## Record extracts
* * *

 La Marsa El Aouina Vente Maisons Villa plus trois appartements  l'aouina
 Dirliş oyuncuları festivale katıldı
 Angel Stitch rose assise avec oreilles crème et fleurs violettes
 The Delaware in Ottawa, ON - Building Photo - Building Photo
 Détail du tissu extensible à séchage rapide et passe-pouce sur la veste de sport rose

* * *

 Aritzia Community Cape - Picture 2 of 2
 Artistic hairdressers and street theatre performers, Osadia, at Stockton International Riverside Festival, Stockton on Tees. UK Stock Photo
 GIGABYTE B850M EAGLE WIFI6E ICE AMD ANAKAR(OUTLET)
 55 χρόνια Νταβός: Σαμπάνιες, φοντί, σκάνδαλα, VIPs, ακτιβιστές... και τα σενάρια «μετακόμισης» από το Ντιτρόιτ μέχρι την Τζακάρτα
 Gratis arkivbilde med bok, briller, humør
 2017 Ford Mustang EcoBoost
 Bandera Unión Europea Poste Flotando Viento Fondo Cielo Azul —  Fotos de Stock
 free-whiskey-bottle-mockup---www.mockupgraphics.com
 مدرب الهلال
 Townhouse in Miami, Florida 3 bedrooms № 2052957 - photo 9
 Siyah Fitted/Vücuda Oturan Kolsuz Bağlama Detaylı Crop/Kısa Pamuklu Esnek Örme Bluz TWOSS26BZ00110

* * *

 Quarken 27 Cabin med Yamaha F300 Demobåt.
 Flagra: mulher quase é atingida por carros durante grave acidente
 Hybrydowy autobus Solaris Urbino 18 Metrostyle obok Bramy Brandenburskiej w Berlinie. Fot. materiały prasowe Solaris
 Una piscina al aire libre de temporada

* * *

## Your goal
Set down exactly the lines of the data above, beginning with the line that has "Townhouse in Miami, Florida" and ending with the line that has "Siyah Fitted/Vücuda Oturan", and no others.

## Answer to this exercise
 Townhouse in Miami, Florida 3 bedrooms № 2052957 - photo 9
 Siyah Fitted/Vücuda Oturan Kolsuz Bağlama Detaylı Crop/Kısa Pamuklu Esnek Örme Bluz TWOSS26BZ00110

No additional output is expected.